Hayatı ıskalarken...
Cep telefonu ile fotoğraf ve video çekmek, bir hobi olmaktan çıkıp kontrol edilemez bir 'bağımlılık' haline geldi. Tarkan, Harbiye'de konser veriyor. İzleyenlerin hemen hepsi konseri canlı değil, cep telefonundan izliyor. Neden?...
Cep telefonu ile fotoğraf ve video çekmek, bir hobi olmaktan çıkıp kontrol edilemez bir 'bağımlılık' haline geldi. Tarkan, Harbiye'de konser veriyor. İzleyenlerin hemen hepsi konseri canlı değil, cep telefonundan izliyor. Neden? Çünkü o andaki tek kaygıları, Tarkan'ı sahnede kaydetmek, o anı ölümsüzleştirmek. Yahu zaten adamın konser kayıtlarını internetten indirebiliyorsun, niye bu zahmet, bu eziyet? Sen güçlükle bilet bulabilmişsin, onca para bayılmışsın, o cehennem sıcağında İstanbul trafiğini aşıp ta nerelerden Açıkhava'ya gelmişsin. Güzel güzel oturup da konserin tadını çıkarsana. Yok, olmaz... Çünkü Tarkan'dan daha fazla keyif veren bir şey var. Sosyal medyaya 'Ben Tarkan konserindeydim' görüntülerini dayayıp hava atmak, herkesi kıskandırmak... Şimdilerde kaygımız tek: 'Like' (beğeni) almak...

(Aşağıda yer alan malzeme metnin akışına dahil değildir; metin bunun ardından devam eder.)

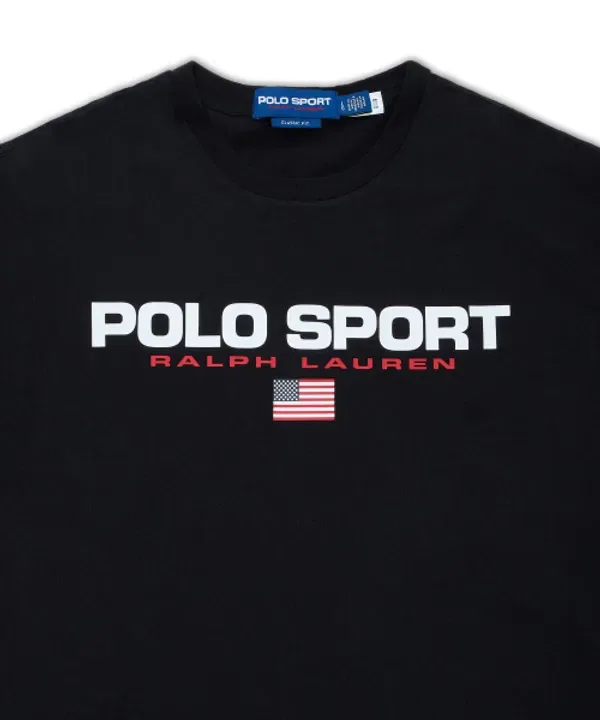 Футболка поло классическая, Polo Ralph Lauren, черный — фото 3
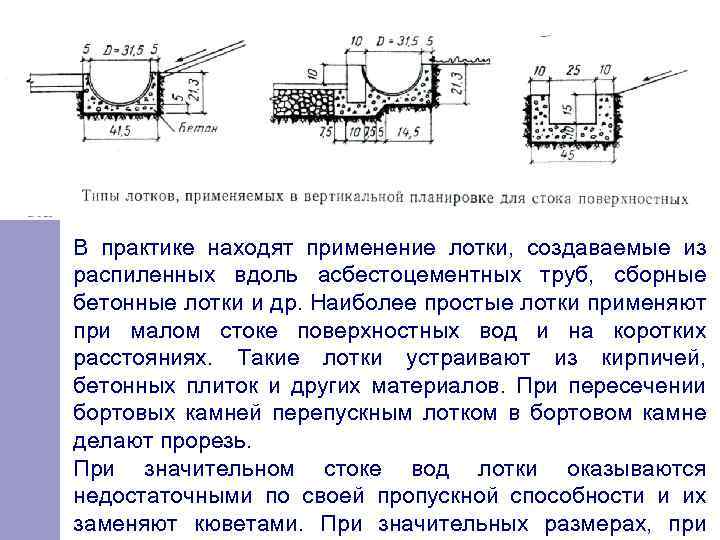 Состояние стока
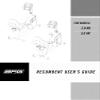 Owner Manual 074535 Works W AFG 2.0AR RB123 3.0AR RB119 Stationary Bike view 2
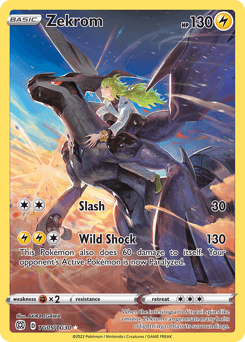 Zekrom z edície Brilliant Stars Trainer Gallery, karta č.TG05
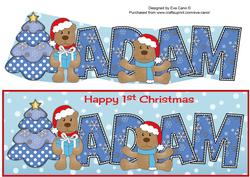 First Christmas Teddies Adam Large Dl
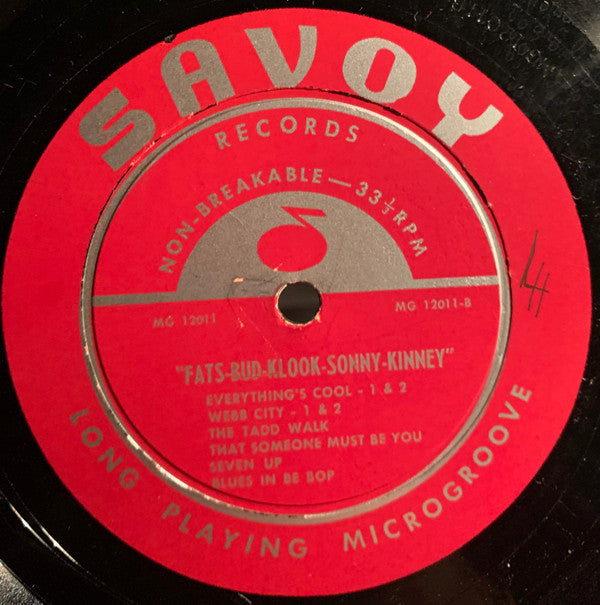 Fats Navarro - Fats-Bud-Klook-Sonny-Kinney (Vinyl, LP, Album, Mono) Very Good (VG) / Very Good (VG)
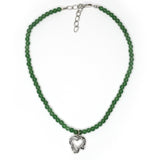 Tilly-Sudbsury-Sad-Girl-Beads-Beaded-Molten-Heart-Pendant-Necklace-Green-sterling-Silver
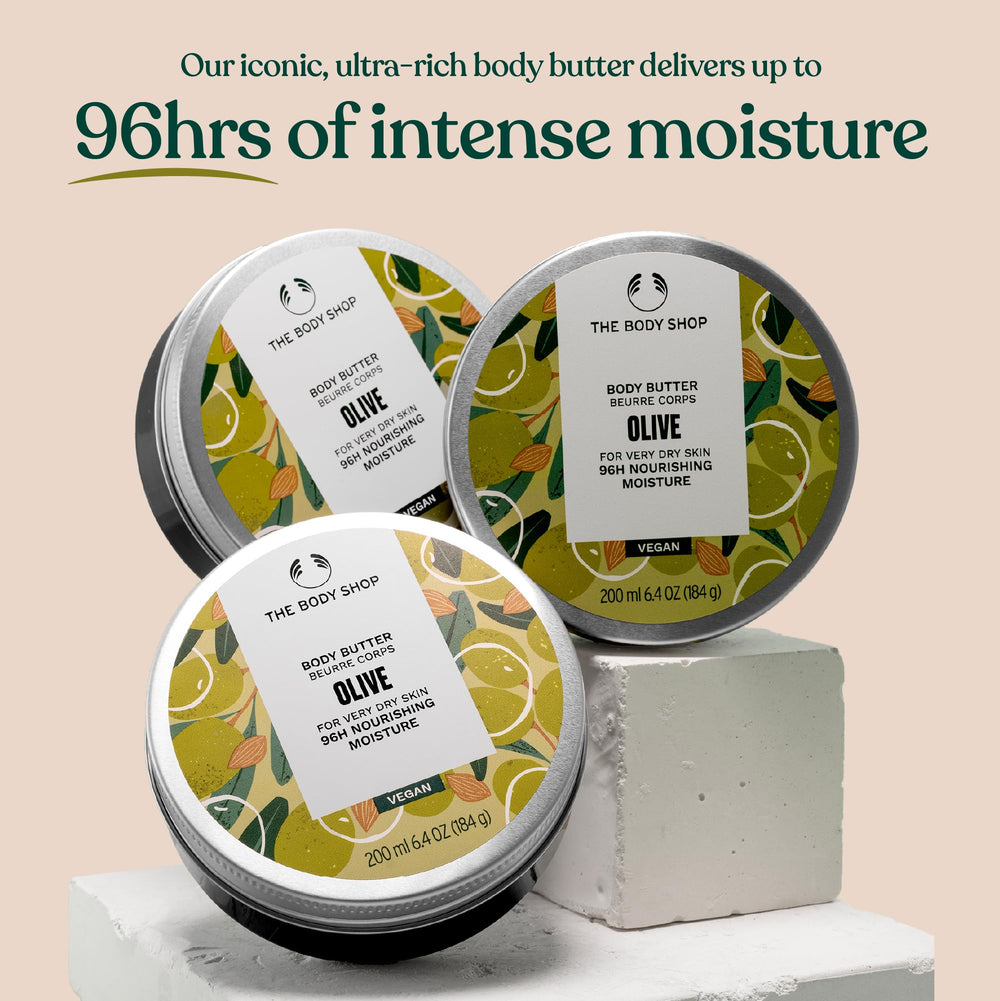 The Body Shop Olive Body Butter aroma verde ligero para diario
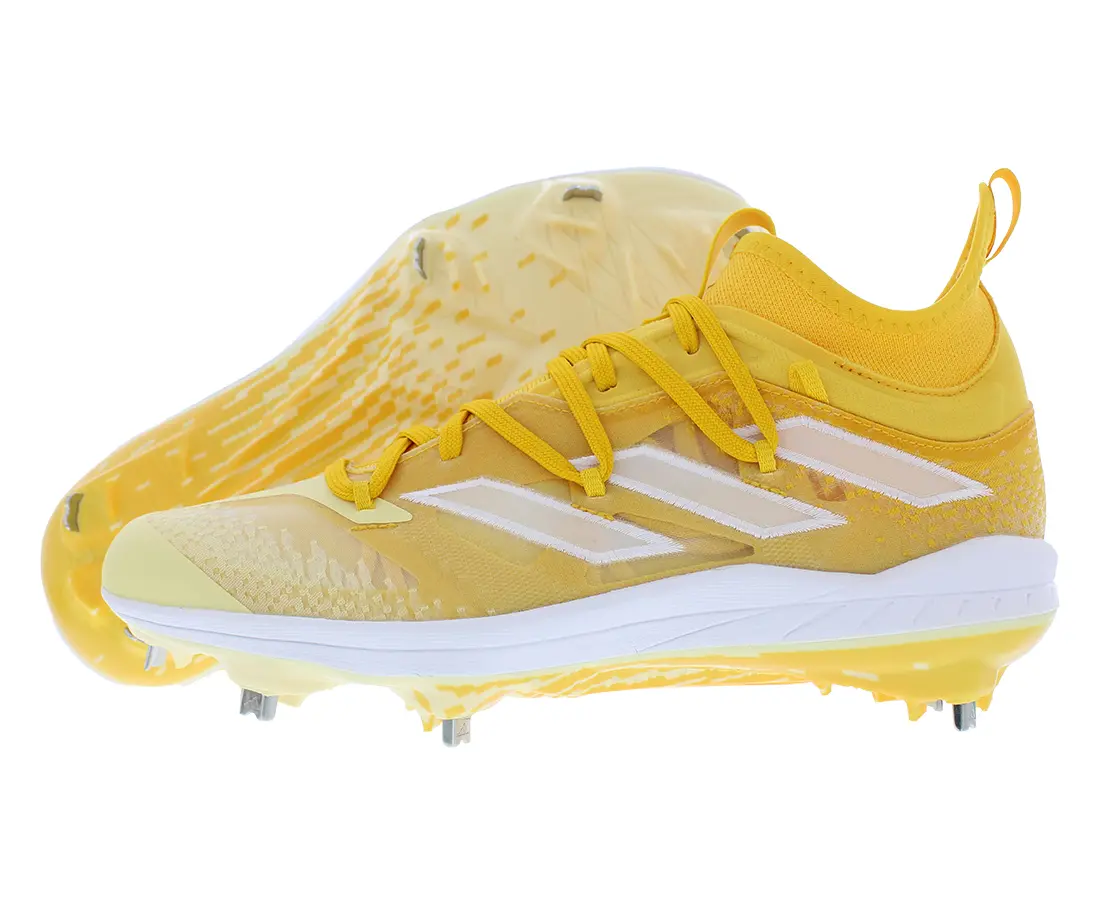 Adidas Adizero Afterburner NWV Men's Baseball Cleats, Lightweight Low-Top Striped Athletic Sports Shoes for Speed & Traction, Sports Wear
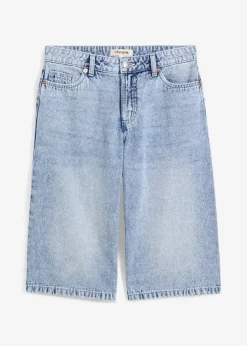 Damen bonprix Jeans|Shorts|Jeans-Bermuda Mid Waist, Low Stretch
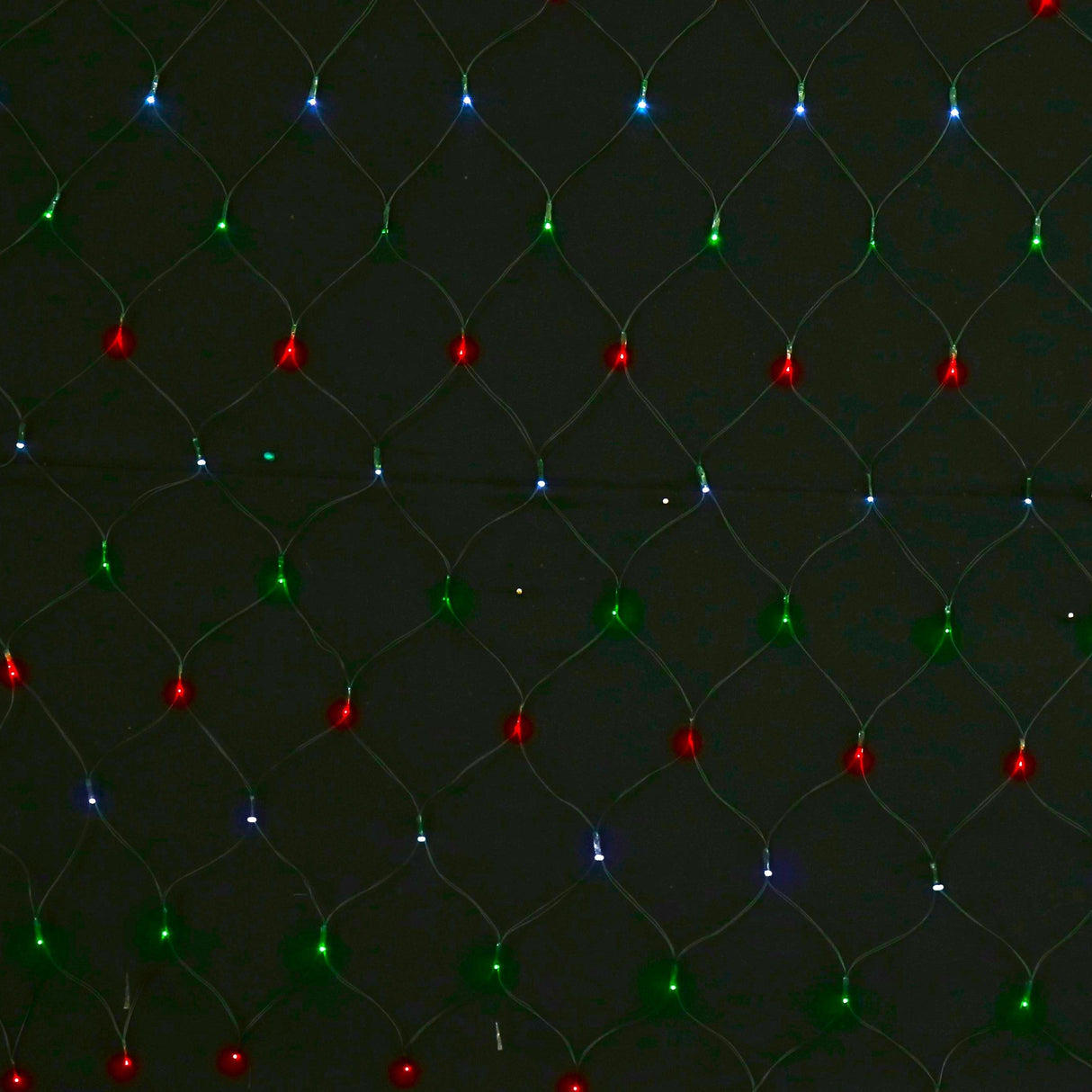 150 LED Solar Decorative Net Lights - 4 Color Options for Festive Occasions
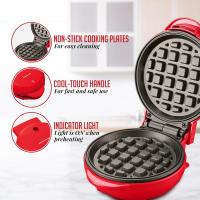 Máquina de gofres eléctrica para el desayuno, Mini olla para gofres, horno para pasteles, huevos, burbujas - details 2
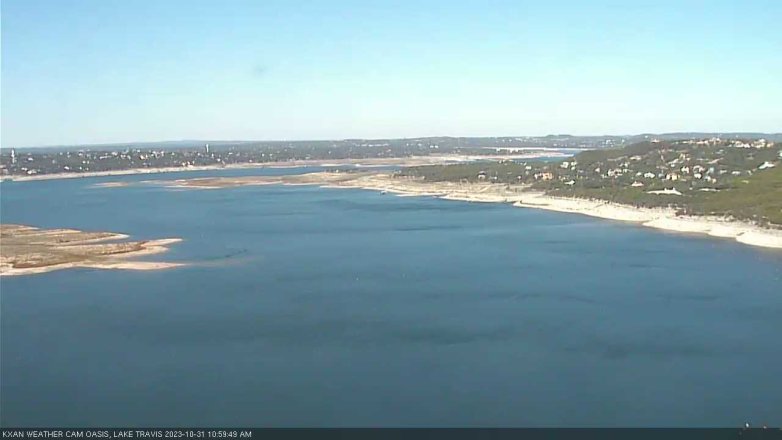 Lake Travis webcam, October 31, 2023 11:00 AM CT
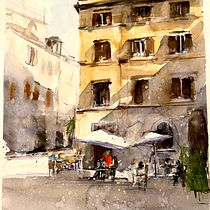 Il mio progetto del corso: Tecniche moderne di acquerello paesaggistico. Un progetto di Pittura e Pittura ad acquerello di Cristina Bedeschi - 25.11.2021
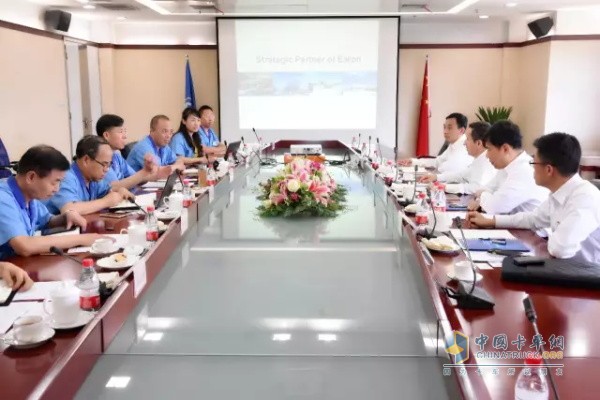 伊頓車輛集團一行訪問法士特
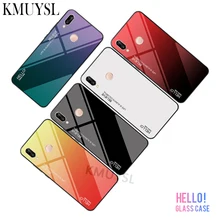 Градиент закаленное Стекло чехол для huawei Honor 8X Max 8C 7A 7C Nova 3 3i Коврики 20 10 Lite P9 P10 P20 Pro Y9 Y6 Y5 Prime чехол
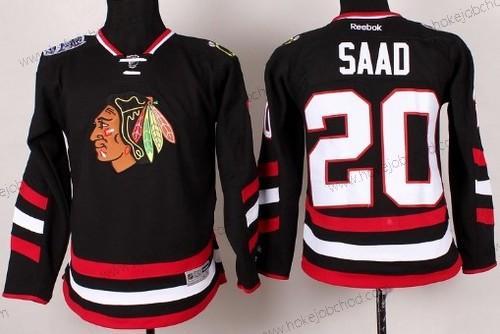 Dětské Chicago Blackhawks #20 Brandon Saad 2014 Stadium Series Černá Dres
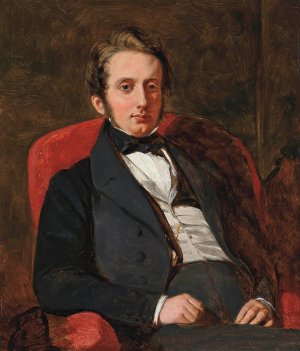 Portrait of Henry Charles Hamilton by Augustus Leopold Egg Oil Painting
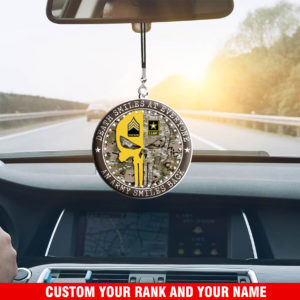 Army Military Car Ornament Custom Your Name And Rank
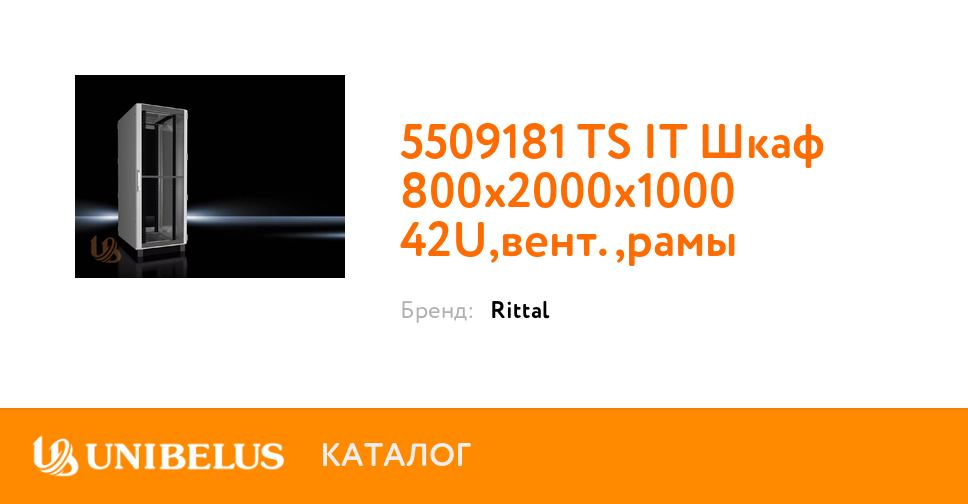 Rittal шкаф ts it 800x2000x1000 42u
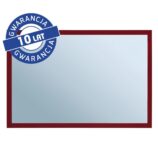 Lustro w ramie metalowej - czerwonej MERIDA STELLA RED LINE, 40 x 60 cm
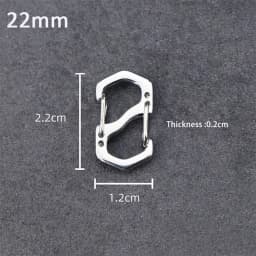 10PCS Backpack Buckle Stainless Steel S Type Carabiner With Lock Mini Outdoor Backpacks Luggage Hook Anti-Theft Key-Lock Tool
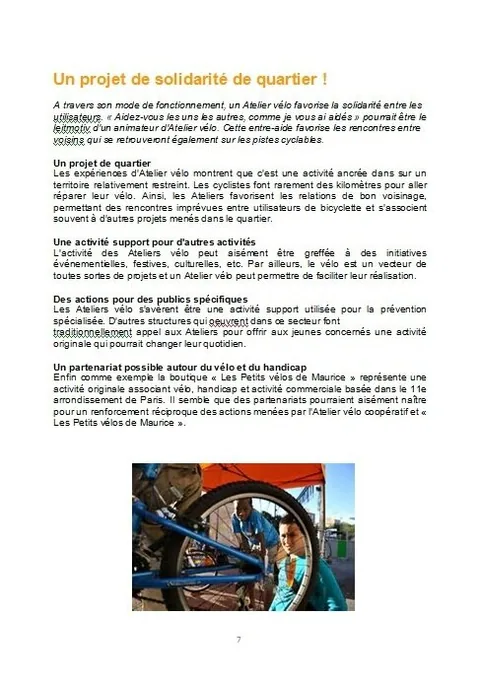 Atelier vélo 7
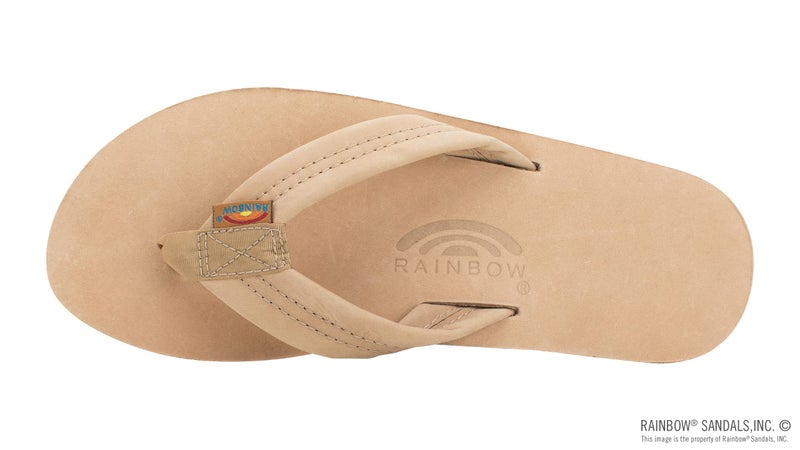Rainbow Sandals Mens Premier Leather Double Stack, Brown Size XXL - Image 3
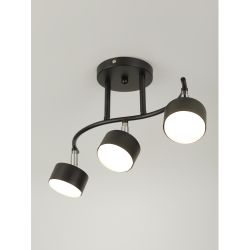 Светильник настенно-потолочный спот Rivoli Vanessa 7074-703 3хGX53 15 Вт поворотный | Споты-Подсветки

Sadece konserlerde mi? Ünlü mumya müzesinin en nadide eserleri İstanbul'a, ayağımıza gelmiş. Kimselerin mumyalara baktığı filan yok. Tek derdimiz, onlarla birlikte fotoğraf çektirip Facebook'a, Instagram'a koymak... Çıkışta 'Atatürk'ün kravatı mı yoksa papyonu mu vardı?' diye sorsanız, cep telefonundaki kayıtlara bakmadan bilecek kimse yok!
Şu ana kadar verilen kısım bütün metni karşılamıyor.